Obese people who are labelled 'metabolically healthy' are still at a greater risk of cardiovascular disease than normal weight people, a conference is to hear today.

Metabolically healthy obesity is being clinically obese but without associated metabolic complications such as abnormal blood fats, poor blood sugar control or diabetes, or high blood pressure, researchers say.

Dr Rishi Caleyachetty of Birmingham University, UK, and his team looked at the possible link using primary care electronic health records from 1995 to 2015 on 3.5 million adults.

The population was split into groups based on body mass index, and metabolic abnormalities - diabetes, hypertension, and abnormal blood fats.

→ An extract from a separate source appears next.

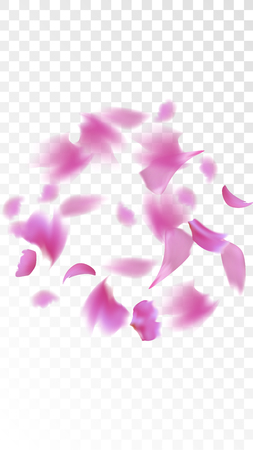 Red Rose Petals Falling Down. Isolated Vector illustration of Rose Petals. Flying Red Sakura Blossom Background. Design of Greeting or Invitation Card.のイラスト素材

Those with metabolically healthy obesity had a 50% increased risk of cardiovascular disease, a 7% increased risk of cerebrovascular disease and double the risk of heart failure, compared to normal weight individuals.

When cigarette smokers were excluded, those with Metabolically Healthy Obesity had an 11% increased risk of developing peripheral vascular disease.

The research is presented today (17 May) at the European Congress on Obesity in Porto, Portugal.

Dr Caleyachetty says: "This is the largest prospective study of the association between metabolically health obesity and cardiovascular disease events.

"Metabolically healthy obese individuals are at higher risk of coronary heart disease, cerebrovascular disease and heart failure than normal weight metabolically healthy individuals. The priority of health professionals should be to promote and facilitate weight loss among obese persons, regardless of the presence or absence of metabolic abnormalities."

He adds: "At the population-level, so-called metabolically healthy obesity is not a harmless condition and perhaps it is better not to use this term to describe an obese person, regardless of how many metabolic complications they have."

Research presented at the Oral Presentation OS2:OC54 at the European Congress on Obesity, held in Porto, Portugal, from 17-20 May 2017.